À Kharkiv, autre centre industriel de l'Ukraine, plus de 4 000 manifestants pro-russes ont manifesté, également samedi, dans le centre de la ville en agitant des drapeaux russes ou du "Bloc russe", le mouvement politique pro-russe auquel appartient le "Premier ministre" de la région séparatiste de Crimée, Sergiï Axionov.
"Pendant les événements de Maïdan, ici nous vivions en paix"
Dans la péninsule de Crimée, passée fin février sous le contrôle des forces russes et où le Parlement local a annoncé un référendum le 16 mars pour le rattachement de la région à la Russie, une manifestation a réuni 300 partisans de l'intégrité de l'Ukraine.
Le chiffre peut paraître faible mais les manifestations anti-séparatistes sont très rares en Crimée. La plupart des manifestants à Simféropol étaient des femmes, sorties "dans la rue avec leurs enfants pour protester contre l'intervention des forces russes en Crimée", selon Elvina, l'une d'entre elles.

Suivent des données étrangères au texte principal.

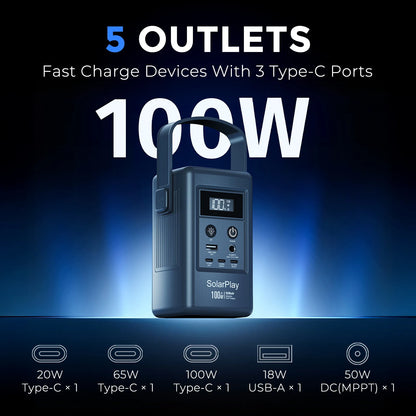 SolarPlay Q100 Power Bank 25000mAh Portable Power Station For Outdoor Battery Emergency Power Camping Solar Generator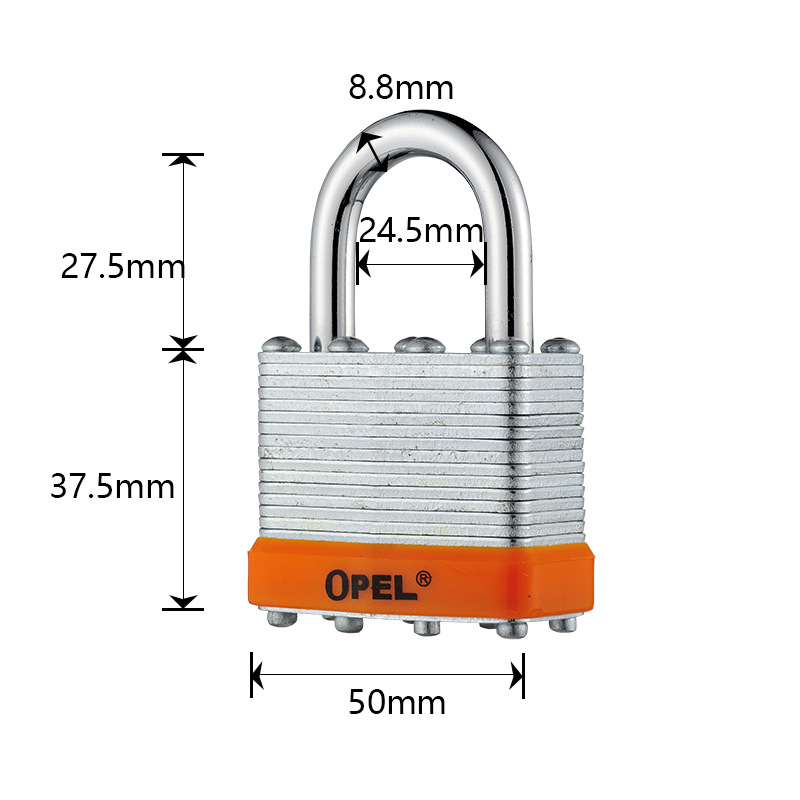 OPEL kućni lokot s željeznim tijelom i bakrenim cilindrom, model QC, otporan na prašinu, za skladišta, ormariće, prtljagu i gradilišta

"La Crimée a été envahie par les forces armées russes, par des bandits appelés cosaques. Nous allons boycotter le référendum. Il est illégal", a déclaré pour sa part Victoria, une autre manifestante.
"Pendant les événements de Maïdan, ici, nous vivions en paix, alors que le sang coulait à Kiev", estime Vera, en référence à la répression qui a fait 100 morts en trois mois dans toute l'Ukraine. "Et l'arrivée de ces forces armées a mis le feu aux poudres", déplore Vera.
Demi-tour des observateurs
Sur la scène diplomatique, malgré d'intenses consultations tout au long de la semaine, Occidentaux et Russes n'ont pas réussi à trouver une issue à la pire crise dans leurs relations depuis la chute de l'URSS.
Alors que chaque protagoniste réfute l'idée d'une nouvelle Guerre froide, la Russie a annoncé, samedi, réfléchir à une suspension des inspections étrangères de son arsenal d'armes stratégiques, y compris les missiles nucléaires, en réponse aux "menaces" venant des États-Unis et de l'Otan.
Les inspections ont lieu dans le cadre du Traité de réduction des armes stratégiques (START) passé avec les États-Unis, et dans celui du Document de Vienne entre les pays membres de l'Organisation pour la Sécurité et la Coopération en Europe (OSCE).
Les observateurs militaires de l'OSCE, qui tentaient, samedi, pour la troisième fois en trois jours de pénétrer en Crimée ont fait demi-tour au moment où des hommes présents à un poste de contrôle ont tiré en l'air, a déclaré à l'AFP une source au sein de cette mission de l'OSCE.